* **Records for this exercise**:
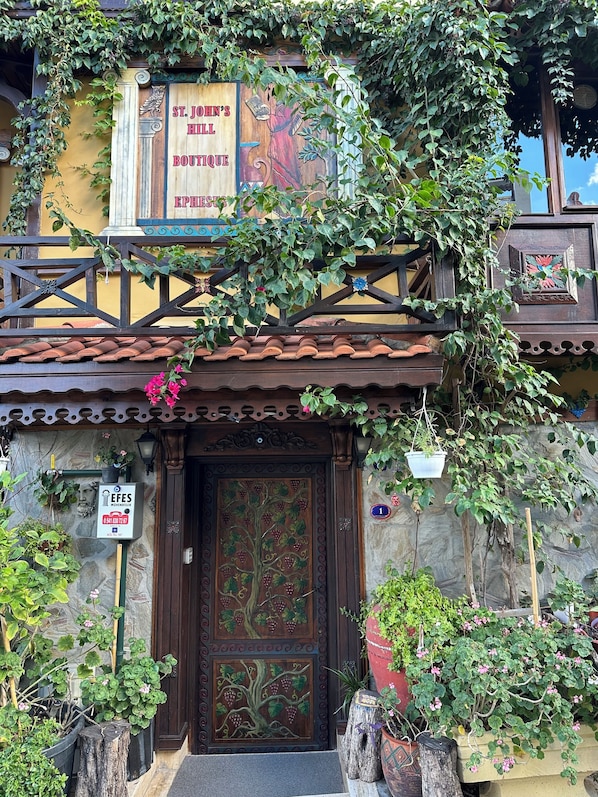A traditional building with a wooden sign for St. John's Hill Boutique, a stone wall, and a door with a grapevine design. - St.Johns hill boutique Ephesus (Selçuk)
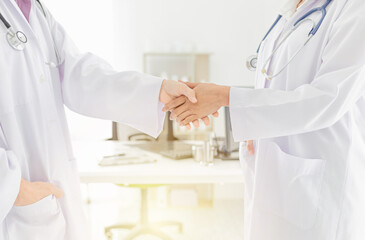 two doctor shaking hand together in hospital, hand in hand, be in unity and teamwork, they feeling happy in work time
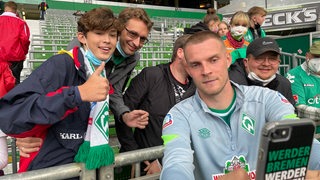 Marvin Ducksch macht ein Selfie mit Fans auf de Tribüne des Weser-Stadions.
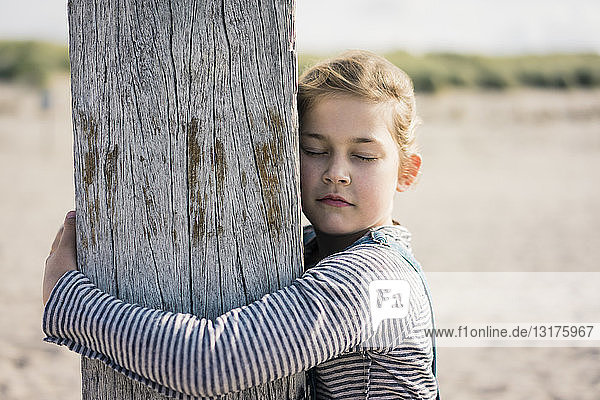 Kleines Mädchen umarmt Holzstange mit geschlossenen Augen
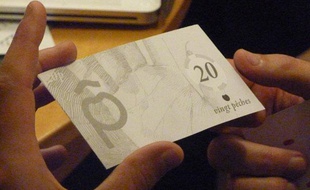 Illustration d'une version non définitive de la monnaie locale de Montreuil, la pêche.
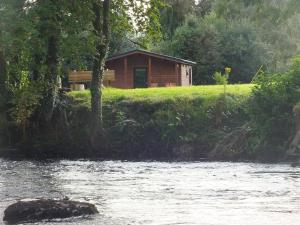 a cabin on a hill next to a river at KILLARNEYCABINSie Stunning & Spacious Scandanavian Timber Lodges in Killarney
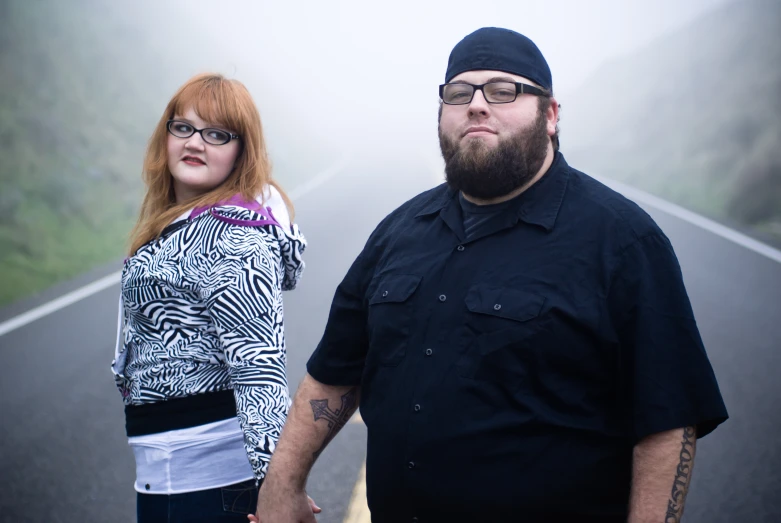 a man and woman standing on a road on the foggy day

* **Exercise prompt**: Reproduce the listing above from the line that holds "two doctor shaking" through the line that holds "a cabin on a", both included, with the pictures left out.

* **Reply**:
 two doctor shaking hand together in hospital, hand in hand, be in unity and teamwork, they feeling happy in work time
 Marvin Ducksch macht ein Selfie mit Fans auf de Tribüne des Weser-Stadions.
 Kleines Mädchen umarmt Holzstange mit geschlossenen Augen
 Illustration d'une version non définitive de la monnaie locale de Montreuil, la pêche.
 a cabin on a hill next to a river at KILLARNEYCABINSie Stunning & Spacious Scandanavian Timber Lodges in Killarney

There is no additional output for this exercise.